Even the most experienced photographers need sometimes to stop, take a deep breath and read again about <Link removed>


----------



## robbins.photo (Aug 19, 2016)

Funny, I was just thinking to myself that perhaps we should also stop and read about the most basic rules of the forum...

You know, like the one that says you should post articles here in there entirety rather than a link to an outside source, to prevent click baiting.  

I shall retire now, and meditate on this....


----------



## rscossworth (Aug 19, 2016)

If i post the entire article i will just generate additional duplicate content that search engines doesn't like at all...'So what is the reason to do it?


----------



## robbins.photo (Aug 19, 2016)

rscossworth said:


> If i post the entire article i will just generate additional duplicate content that search engines doesn't like at all...'So what is the reason to do it?



You mean other than the rules?


----------



## table1349 (Aug 19, 2016)

rscossworth said:


> If i post the entire article i will just generate additional duplicate content that search engines doesn't like at all...'So what is the reason to do it?


Me thinks you just proved robbins point.


----------



## tirediron (Aug 19, 2016)

rscossworth said:


> If i post the entire article i will just generate additional duplicate content that search engines doesn't like at all...'So what is the reason to do it?

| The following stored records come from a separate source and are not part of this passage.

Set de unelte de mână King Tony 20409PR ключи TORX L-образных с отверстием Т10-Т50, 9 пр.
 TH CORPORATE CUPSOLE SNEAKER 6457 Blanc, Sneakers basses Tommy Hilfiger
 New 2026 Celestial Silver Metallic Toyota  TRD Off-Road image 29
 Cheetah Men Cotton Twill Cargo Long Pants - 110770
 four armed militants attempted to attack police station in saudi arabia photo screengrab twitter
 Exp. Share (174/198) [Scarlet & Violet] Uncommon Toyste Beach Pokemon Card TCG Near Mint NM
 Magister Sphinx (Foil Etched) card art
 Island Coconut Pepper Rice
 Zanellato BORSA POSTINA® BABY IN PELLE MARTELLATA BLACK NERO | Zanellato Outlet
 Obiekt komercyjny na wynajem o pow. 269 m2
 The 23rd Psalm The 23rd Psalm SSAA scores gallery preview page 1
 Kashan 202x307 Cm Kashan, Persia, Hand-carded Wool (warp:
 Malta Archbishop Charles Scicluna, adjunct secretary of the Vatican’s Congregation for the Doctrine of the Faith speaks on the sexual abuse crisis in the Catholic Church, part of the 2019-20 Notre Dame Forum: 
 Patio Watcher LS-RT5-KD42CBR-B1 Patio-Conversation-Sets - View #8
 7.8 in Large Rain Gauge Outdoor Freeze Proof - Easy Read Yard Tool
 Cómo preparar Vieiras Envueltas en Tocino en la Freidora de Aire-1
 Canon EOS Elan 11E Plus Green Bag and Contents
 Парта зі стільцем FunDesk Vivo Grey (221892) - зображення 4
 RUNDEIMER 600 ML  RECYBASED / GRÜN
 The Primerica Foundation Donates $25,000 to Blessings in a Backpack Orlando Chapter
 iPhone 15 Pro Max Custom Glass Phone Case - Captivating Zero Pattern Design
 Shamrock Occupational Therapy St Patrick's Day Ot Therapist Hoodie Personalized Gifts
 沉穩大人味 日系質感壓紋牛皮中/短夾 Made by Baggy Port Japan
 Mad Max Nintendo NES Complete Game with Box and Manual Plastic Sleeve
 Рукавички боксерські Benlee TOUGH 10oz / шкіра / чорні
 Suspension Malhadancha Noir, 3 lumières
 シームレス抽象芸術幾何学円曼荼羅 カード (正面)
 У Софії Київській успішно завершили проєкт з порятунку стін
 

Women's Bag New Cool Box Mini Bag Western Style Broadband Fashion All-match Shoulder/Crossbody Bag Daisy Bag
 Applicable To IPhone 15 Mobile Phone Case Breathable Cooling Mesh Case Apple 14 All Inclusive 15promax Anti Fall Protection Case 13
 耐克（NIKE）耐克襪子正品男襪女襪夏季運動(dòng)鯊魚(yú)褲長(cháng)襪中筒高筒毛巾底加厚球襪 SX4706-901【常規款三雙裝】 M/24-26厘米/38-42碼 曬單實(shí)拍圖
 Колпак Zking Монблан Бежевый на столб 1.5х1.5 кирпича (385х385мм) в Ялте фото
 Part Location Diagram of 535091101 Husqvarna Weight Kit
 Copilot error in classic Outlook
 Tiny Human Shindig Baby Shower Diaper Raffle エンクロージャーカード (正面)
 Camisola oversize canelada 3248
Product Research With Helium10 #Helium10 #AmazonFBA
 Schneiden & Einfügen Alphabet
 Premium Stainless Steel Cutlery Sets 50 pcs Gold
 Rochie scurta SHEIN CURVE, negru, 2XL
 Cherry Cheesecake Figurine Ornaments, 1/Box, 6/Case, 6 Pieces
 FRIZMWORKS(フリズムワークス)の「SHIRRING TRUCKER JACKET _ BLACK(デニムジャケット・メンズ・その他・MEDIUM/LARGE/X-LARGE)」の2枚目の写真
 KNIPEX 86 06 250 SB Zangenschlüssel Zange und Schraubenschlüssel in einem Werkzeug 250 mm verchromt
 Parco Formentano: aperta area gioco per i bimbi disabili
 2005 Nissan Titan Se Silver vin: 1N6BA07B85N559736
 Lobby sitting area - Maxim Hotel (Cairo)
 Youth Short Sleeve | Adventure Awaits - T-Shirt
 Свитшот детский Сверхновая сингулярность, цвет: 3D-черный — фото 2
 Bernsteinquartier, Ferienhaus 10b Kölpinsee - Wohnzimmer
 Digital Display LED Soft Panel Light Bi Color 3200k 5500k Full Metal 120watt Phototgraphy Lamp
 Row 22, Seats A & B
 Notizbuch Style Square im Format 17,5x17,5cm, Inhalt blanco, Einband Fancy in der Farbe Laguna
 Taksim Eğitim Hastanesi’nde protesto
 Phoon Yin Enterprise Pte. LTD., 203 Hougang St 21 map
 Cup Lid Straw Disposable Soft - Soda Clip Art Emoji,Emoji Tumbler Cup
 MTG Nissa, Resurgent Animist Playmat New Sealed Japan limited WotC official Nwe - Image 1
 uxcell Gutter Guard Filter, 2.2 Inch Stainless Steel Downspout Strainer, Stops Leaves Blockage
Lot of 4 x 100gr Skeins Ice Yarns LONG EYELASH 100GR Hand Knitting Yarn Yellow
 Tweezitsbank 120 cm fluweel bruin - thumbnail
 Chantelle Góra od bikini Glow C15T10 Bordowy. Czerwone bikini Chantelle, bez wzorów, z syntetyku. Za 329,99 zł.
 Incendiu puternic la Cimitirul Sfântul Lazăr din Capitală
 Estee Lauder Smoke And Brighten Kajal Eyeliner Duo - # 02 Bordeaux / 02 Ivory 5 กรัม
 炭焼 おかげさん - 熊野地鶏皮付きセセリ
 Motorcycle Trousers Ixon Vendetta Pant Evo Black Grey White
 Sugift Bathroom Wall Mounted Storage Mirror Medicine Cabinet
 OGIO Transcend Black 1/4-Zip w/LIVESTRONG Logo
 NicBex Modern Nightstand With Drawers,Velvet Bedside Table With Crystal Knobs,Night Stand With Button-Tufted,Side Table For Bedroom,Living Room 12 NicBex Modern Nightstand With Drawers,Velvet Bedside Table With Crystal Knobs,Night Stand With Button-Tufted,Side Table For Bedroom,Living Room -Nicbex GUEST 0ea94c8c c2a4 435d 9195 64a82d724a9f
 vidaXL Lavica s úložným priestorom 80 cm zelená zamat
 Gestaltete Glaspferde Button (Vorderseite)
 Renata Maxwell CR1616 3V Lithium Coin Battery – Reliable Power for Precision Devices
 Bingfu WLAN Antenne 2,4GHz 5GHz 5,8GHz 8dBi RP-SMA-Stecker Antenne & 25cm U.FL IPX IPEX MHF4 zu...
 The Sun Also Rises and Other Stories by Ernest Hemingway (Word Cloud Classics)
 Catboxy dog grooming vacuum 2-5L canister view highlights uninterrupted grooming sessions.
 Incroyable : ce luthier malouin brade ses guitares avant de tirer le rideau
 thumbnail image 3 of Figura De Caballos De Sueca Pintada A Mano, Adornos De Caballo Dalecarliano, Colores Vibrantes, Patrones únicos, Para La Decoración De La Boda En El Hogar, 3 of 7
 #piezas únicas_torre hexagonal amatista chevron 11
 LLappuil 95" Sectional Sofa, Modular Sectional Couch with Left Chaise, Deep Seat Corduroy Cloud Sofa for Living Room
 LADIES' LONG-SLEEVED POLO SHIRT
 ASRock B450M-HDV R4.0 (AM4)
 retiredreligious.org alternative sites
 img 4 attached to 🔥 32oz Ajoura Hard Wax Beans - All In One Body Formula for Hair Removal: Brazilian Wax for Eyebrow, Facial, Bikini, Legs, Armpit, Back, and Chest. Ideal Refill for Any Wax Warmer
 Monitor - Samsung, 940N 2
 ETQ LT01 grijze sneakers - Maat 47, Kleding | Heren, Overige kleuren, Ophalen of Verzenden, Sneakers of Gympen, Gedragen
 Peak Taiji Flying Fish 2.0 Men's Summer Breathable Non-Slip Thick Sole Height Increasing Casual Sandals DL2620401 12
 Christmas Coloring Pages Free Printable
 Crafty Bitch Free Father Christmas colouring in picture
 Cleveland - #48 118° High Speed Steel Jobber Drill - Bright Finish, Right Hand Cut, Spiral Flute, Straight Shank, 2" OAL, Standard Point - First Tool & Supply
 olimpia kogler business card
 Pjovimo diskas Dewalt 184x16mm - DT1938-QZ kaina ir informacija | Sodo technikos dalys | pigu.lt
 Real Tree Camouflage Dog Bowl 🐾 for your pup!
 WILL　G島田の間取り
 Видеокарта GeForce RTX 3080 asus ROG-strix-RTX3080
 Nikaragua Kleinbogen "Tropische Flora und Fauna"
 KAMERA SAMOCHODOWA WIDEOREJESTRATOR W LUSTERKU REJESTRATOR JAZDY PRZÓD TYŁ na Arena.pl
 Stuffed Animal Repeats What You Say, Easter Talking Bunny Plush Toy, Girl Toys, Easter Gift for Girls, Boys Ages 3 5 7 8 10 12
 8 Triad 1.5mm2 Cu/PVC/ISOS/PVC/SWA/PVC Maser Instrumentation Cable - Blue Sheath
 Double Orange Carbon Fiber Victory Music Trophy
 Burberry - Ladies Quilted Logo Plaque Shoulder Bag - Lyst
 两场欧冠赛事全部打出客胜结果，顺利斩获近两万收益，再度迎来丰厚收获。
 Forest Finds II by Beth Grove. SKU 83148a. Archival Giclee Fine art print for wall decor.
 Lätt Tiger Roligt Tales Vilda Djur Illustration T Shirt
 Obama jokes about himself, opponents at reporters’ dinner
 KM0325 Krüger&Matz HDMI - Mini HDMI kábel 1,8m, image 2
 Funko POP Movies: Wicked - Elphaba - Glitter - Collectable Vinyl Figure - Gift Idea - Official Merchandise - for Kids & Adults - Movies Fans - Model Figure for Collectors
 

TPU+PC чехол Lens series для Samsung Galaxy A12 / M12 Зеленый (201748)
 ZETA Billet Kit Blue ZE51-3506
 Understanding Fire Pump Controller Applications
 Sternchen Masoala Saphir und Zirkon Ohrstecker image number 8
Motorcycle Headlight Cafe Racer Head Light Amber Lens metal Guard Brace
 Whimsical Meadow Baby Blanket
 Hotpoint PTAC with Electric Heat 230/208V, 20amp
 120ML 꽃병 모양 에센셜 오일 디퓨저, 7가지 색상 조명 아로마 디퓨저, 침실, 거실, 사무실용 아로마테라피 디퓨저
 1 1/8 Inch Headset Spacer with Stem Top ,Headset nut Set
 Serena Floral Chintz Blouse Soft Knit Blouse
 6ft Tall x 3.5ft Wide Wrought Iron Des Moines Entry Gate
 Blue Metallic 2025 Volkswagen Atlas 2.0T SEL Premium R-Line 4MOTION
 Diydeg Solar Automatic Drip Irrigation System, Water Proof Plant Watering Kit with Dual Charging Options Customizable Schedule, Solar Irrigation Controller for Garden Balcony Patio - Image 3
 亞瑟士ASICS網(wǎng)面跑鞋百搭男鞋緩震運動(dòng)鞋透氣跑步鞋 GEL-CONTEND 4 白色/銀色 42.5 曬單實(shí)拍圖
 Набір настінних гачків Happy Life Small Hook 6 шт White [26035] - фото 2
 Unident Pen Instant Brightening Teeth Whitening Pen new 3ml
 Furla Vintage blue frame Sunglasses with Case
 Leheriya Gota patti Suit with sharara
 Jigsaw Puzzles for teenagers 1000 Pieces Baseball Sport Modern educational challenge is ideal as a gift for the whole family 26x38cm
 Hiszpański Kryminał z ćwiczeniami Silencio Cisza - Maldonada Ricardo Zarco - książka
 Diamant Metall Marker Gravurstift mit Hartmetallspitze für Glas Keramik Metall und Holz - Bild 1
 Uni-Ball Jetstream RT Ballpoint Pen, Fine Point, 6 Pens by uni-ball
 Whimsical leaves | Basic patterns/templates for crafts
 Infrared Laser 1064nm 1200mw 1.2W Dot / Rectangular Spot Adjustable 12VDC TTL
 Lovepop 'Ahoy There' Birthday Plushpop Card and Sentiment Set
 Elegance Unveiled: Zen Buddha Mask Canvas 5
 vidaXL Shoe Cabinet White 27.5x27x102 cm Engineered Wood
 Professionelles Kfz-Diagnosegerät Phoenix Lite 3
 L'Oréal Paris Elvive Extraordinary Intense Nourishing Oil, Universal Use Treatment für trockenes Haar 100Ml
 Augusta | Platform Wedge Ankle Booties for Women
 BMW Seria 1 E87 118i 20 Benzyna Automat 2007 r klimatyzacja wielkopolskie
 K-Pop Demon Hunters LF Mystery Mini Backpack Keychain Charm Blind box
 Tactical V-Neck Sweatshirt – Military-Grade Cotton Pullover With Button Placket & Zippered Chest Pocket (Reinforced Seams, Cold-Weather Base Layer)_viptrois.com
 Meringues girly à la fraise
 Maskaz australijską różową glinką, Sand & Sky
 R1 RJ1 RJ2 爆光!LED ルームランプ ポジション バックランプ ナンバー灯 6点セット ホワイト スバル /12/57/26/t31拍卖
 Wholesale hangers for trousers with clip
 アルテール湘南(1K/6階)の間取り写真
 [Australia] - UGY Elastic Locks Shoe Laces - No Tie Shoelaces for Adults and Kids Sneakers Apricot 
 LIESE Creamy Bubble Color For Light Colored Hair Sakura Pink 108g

The reason is so that you would be in compliance with TPF posting guidelines.  As I'm sure you can appreciate, TPF doesn't want to become a haven for click-bait posts and people trying to drive our members to their own website.  You're welcome to post your article, in its entirety in the 'Articles of Interest' forum, but as you read in the guidelines, posts which are nothing more than an off-site link to one's own website are not permitted.  Happy Friday!


----------